Long-term evolution of corrected NOAA/MEPED energetic proton fluxes and their relation to geomagnetic indices

•Corrected proton fluxes reveal a systematic solar cycle variation.•High-speed streams are the most significant driver of energetic proton fluxes.•Correction significantly improves correlation between proton fluxes and indices.

We study the relationship between energetic 120–250 keV proton fluxes and geomagnetic Ap, AE, Dxt indices using the recently corrected measurements of the MEPED instrument onboard the low-altitude NOAA/POES satellites. Corrected database spans from 1979 to present, and allows us to reliably study the long-term variation of energetic proton fluxes over several solar cycles. Contrary to uncorrected fluxes, which can be more than an order of magnitude too low, the corrected fluxes display a systematic solar cycle variation closely resembling the variation of Ap and AE indices with a maximum in the declining solar cycle phase and a minimum in solar minimum.
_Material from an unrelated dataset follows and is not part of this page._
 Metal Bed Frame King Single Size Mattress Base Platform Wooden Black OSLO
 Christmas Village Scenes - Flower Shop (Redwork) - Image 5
We also find that trapped fluxes are enhanced relative to precipitating fluxes in the declining phases and solar minima. This supports the fact that high-speed solar wind streams are the most significant driver of energetic proton fluxes. We compute the correlations between fluxes and indices in a range of time scales, and show that they are significantly improved by the flux correction. We find that precipitating fluxes correlate better than trapped fluxes with Ap/AE indices at all time scales, and the highest correlation is found with Ap. For precipitating fluxes these correlations depend weakly on time scale, but for trapped fluxes the correlation significantly increases from daily scale to solar rotation and longer time scales. Comparing the fluxes to Dxt index shows a complex relationship, where the fluxes depend not only on Dxt value but also on its time derivative.